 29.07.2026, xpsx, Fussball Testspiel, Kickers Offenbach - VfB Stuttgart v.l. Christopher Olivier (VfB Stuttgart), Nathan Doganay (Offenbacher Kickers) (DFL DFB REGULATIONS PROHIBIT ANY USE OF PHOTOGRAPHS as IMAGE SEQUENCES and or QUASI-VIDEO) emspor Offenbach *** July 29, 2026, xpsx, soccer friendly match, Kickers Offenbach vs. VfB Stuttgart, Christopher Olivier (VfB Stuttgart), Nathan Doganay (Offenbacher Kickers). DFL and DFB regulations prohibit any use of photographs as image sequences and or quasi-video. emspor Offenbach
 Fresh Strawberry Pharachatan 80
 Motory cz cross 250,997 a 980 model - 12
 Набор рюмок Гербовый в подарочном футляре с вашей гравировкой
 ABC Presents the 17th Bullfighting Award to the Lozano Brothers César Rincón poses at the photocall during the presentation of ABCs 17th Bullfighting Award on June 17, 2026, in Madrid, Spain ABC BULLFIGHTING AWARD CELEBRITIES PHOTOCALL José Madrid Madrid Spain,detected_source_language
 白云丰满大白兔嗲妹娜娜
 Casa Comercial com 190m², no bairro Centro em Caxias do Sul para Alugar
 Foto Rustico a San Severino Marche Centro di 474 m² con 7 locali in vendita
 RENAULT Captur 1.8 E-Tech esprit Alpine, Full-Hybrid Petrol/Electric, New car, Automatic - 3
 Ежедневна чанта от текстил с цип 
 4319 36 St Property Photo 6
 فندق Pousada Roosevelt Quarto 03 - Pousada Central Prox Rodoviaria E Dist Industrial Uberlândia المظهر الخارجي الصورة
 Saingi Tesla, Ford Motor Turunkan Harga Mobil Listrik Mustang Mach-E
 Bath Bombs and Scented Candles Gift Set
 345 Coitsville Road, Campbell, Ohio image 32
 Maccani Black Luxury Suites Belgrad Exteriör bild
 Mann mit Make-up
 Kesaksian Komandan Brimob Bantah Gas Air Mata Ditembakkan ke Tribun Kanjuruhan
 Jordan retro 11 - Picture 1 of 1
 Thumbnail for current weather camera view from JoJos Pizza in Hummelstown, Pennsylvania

--*--

• **Problem to solve**
Line count for the string "Centro": state how many lines in the data contain it, and output nothing else.

• **Answer for this exercise**
2